First find the line with "Lionel Ferbos, trompetista" in the entries below, then set down exactly every line through the line with "Il Riccio D'oro food", that line included.
** Opening Data block **
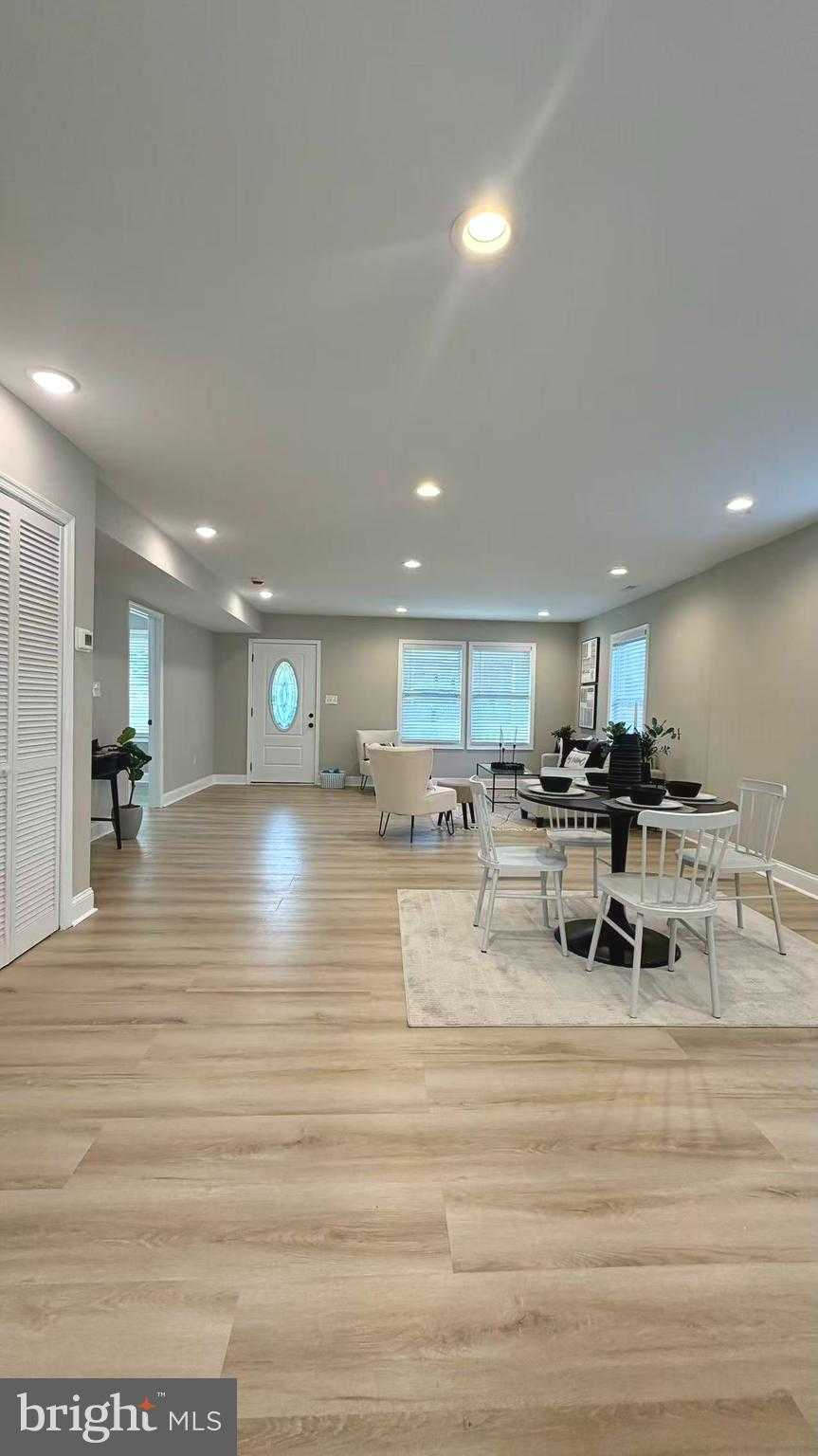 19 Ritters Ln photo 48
** Closing Data block **
** Opening Data block **
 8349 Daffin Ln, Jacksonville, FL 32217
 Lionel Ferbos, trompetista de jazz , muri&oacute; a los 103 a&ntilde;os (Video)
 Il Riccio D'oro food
** Closing Data block **
** Opening Data block **
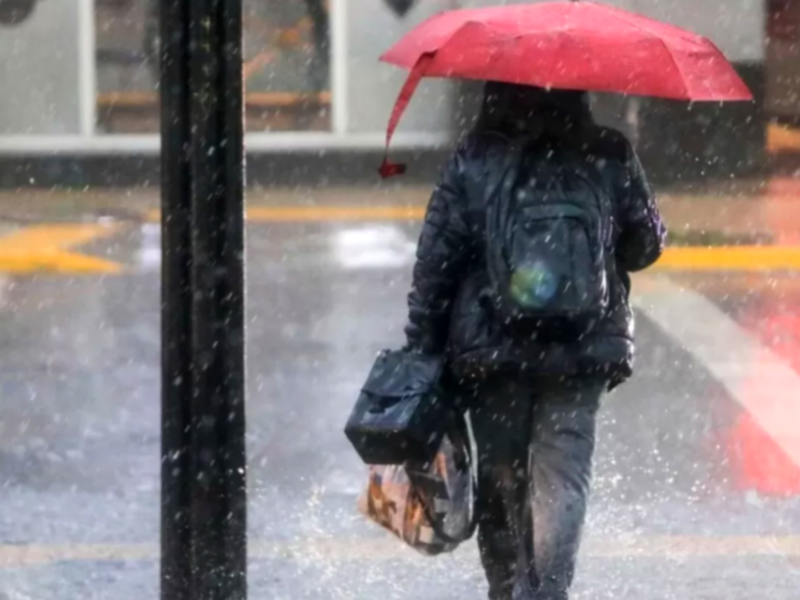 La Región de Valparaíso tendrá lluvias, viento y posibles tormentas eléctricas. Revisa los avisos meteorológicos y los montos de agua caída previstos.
** Closing Data block **
#### Task result
 Lionel Ferbos, trompetista de jazz , muri&oacute; a los 103 a&ntilde;os (Video)
 Il Riccio D'oro food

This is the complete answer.